DATA EXTRACT Start Marker

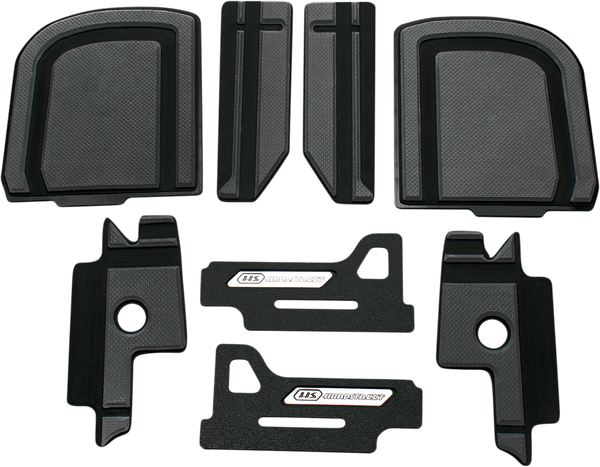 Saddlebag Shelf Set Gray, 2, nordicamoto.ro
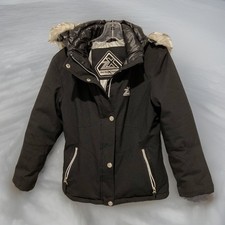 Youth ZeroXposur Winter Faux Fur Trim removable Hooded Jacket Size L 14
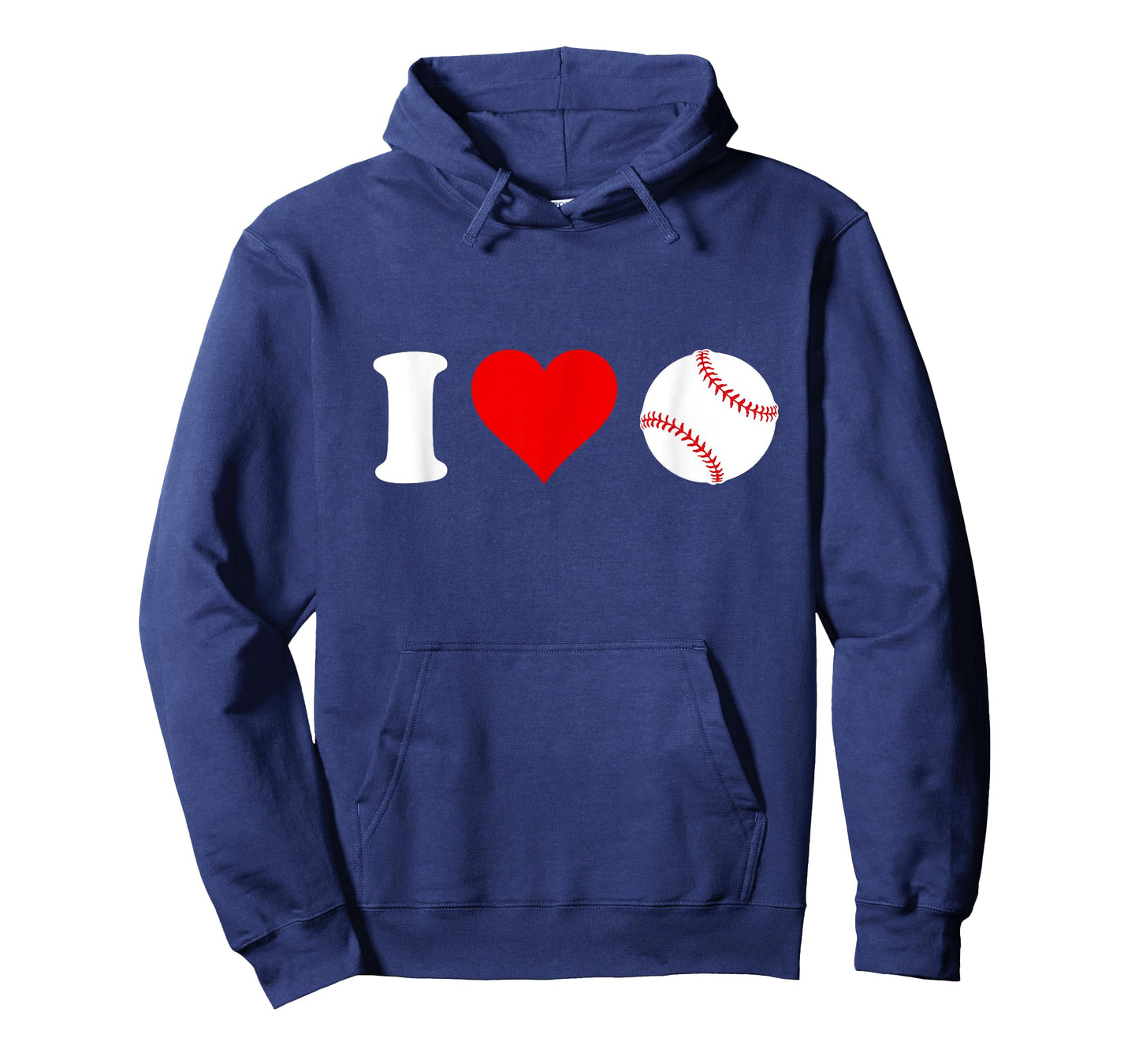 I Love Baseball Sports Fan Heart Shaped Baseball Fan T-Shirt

DATA EXTRACT End Marker

* **AIM OF THE EXERCISE**
Return the lines of the data above in full and exactly, with no pictures.

* **EXERCISE RESPONSE**
 Saddlebag Shelf Set Gray, 2, nordicamoto.ro
 Youth ZeroXposur Winter Faux Fur Trim removable Hooded Jacket Size L 14
 I Love Baseball Sports Fan Heart Shaped Baseball Fan T-Shirt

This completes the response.